Step 1. Solve the problem in the x-direction (for each fixed pair $(y_j,z_k))$, in order to obtain the intermediate value of the solution, say $p_{i,j,k}^{n+1/3}$, from the first equation in (17).

Step 2. Solve the problem in the y-direction (for each fixed pair $(x_i,z_k))$, in order to obtain the intermediate value $p_{i,j,k}^{n+2/3}$, from the second equation in (17), while using the results that were obtained at Step 1.

Step 3. Solve the problem in the z-direction (for each fixed pair $(x_i,y_j))$, from the third equation in (17), using the results of Step 2.

Taking the boundary values $p_{0,j,k}^{n+1/3}$ and $p_{M_x,j,k}^{n+2/3}$ into account, we can construct the coefficients of the matrix $A:=\left\{a_{s,t}\right\}$ of the linear system in (17): for each fixed $(j,k)$, we have

$$a_{s,t}=\left\{\begin{array}{cc}0,\hfill & t\ge s+2,s=1,2,\dots ,M_x-3,\hfill \\ -K_x\frac{\tau }{h_x^{{\gamma }_1}}{g}_{{\gamma }_1,0},\hfill & t=s+1,s=2,...,M_x-2,\hfill \\ 1-K_x\frac{\tau }{h_x^{{\gamma }_1}}{g}_{{\gamma }_1,1},\hfill & t=s=2,\dots ,M_x-1,\hfill \\ -K_x\frac{\tau }{h_x^{{\gamma }_1}}{g}_{{\gamma }_1,s-t+1},\hfill & t\le s-1,s=2,\dots ,M_x-1.\hfill \end{array}\right.$$

(18)

Subsequently, using the boundary values $p_{i,0,k}^{n+2/3}$ and $p_{i,M_y,k}^{n+2/3}$, we obtain the matrix $B:=\left\{b_{s,t}\right\}$ of the linear system in the second equation of (17).
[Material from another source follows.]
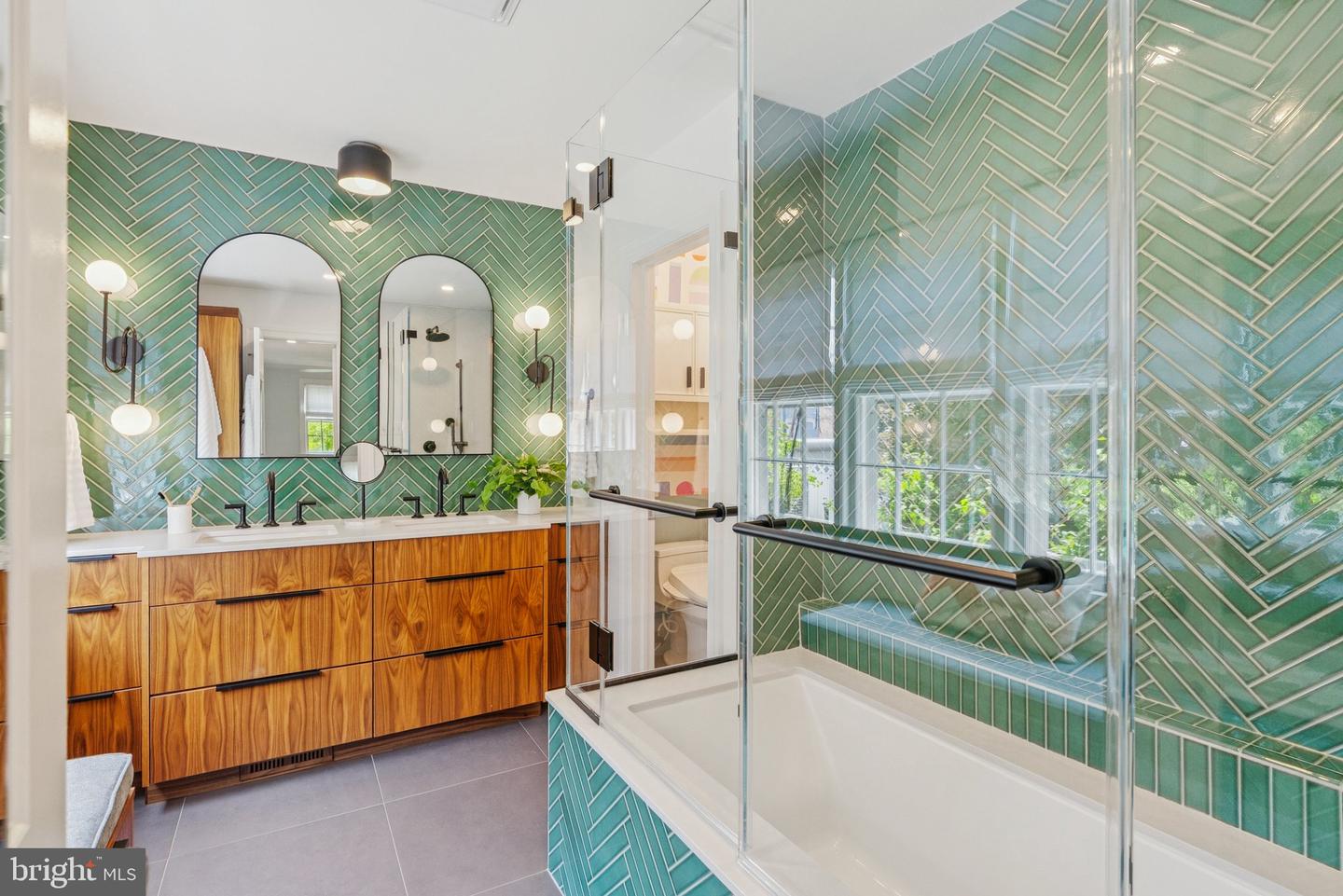 657 E ST SE, WASHINGTON, District Of Columbia 20003, 5 Bedrooms Bedrooms, ,4 BathroomsBathrooms,Residential,For sale,657 E ST SE,DCDC2208152 MLS # DCDC2208152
For each fixed $(i,k)$, such a matrix turns out to be similar to A (as given in (18)). Finally, while using the boundary values $p_{i,j,0}^{n+1}$ and $p_{i,j,M_z}^{n+1}$, we obtain the matrix $C:=\left\{c_{s,t}\right\}$ of the linear system in the third equation in (17), which, again, for each fixed $(i,j)$, is similar to A.

Of course, as in the classical ADI Peaceman–Rachford algorithm [30], used to solve “integer-order” (i.e., non-fractional) PDEs, it is necessary to provide certain boundary values to be associated to the diffusion in the x-direction, which is $p_{0,j,k}^{n+1/3}$ and $p_{M_x,j,k}^{n+1/3}$, as well as $p_{i,0,k}^{n+2/3}$ and $p_{i,M_y,k}^{n+2/3}$, associated to the diffusion along y, and similarly for the diffusion along z, when solving the systems with the coefficient matrices A, B, and C. For instance, we need the boundary values $p_{0,j,k}^{n+1/3}$, $p_{M_x,j,k}^{n+1/3}$, which can be obtained from

$$p_{i,j,k}^{n+1/3}=(1-K_y\tau {\delta }_y^{{\gamma }_2})(1-K_z\tau {\delta }_z^{{\gamma }_3})p_{i,j,k}^{n+1},i=0,\dots ,M_x,$$

for $j=1,2,\dots ,M_y-1$, $k=1,2,\dots ,M_z-1$, $n=0,1,\dots ,N-1$, and $p_{i,0,k}^{n+2/3}$, $p_{i,M_y,k}^{n+2/3}$, which can be obtained from

$$p_{i,j,k}^{n+2/3}=(1-K_z\tau {\delta }_z^{{\gamma }_3})p_{i,j,k}^{n+1},i=0,\dots ,M_y,$$

for $i=1,2,\dots ,M_x-1$, $k=1,2,\dots ,M_z-1$, $n=0,1,\dots ,N-1$.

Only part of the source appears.